The very people who have spent the past several years assuring us that the economy is fundamentally sound, and who themselves foolishly cheered the extension of all these novel kinds of mortgages, are the ones who now claim to be the experts who will restore prosperity! Just how spectacularly wrong, how utterly without a clue, does someone have to be before his expert status is called into question?
 
Oh, and did you notice that the bailout is now being called a “rescue plan”? I guess “bailout” wasn’t sitting too well with the American people.

The very people who with somber faces tell us of their deep concern for the spread of democracy around the world are the ones most insistent on forcing a bill through Congress that the American people overwhelmingly oppose.
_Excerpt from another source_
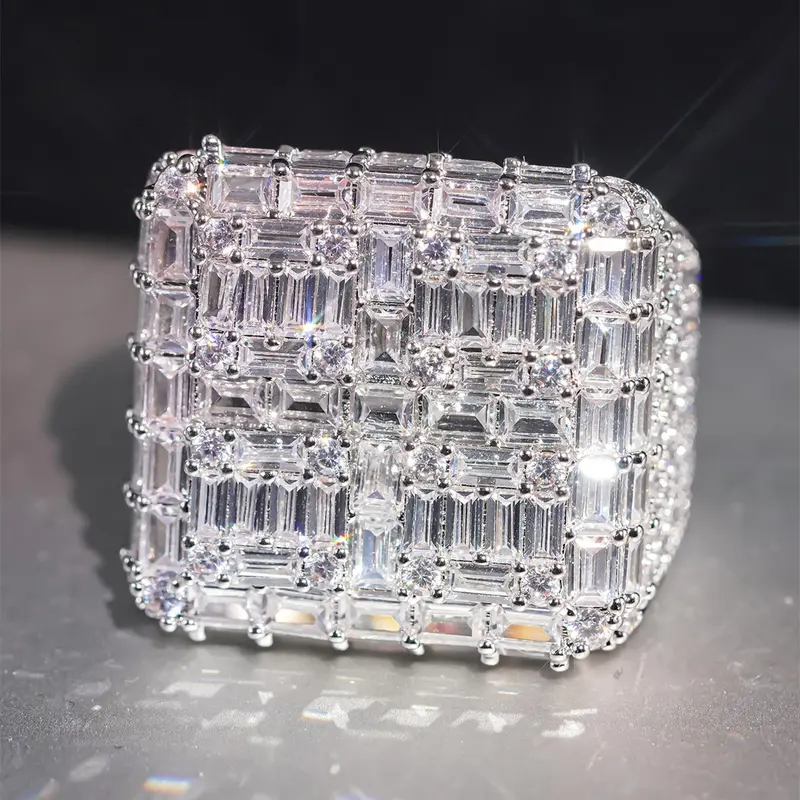 Luxury Artificial Zirconia Decorated Ring, Double Row Ring, Fashion Accessories for Women, Trendy All-match & Exquisite Jewelry for Birthday Gift, Radiant Rectangle Rings, Elegant Everyday Ring, Cubic Zirconia Rings, Beautiful Rings, Fashionable Jewelry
The very fact that some of you seem to think you’re supposed to have a voice in all this actually seems to annoy them.

I continue to urge you to contact your representatives and give them a piece of your mind. I myself am doing everything I can to promote the correct point of view on the crisis. Be sure also to educate yourselves on these subjects – the Campaign for Liberty blog is an excellent place to start. Read the posts, ask questions in the comment section, and learn.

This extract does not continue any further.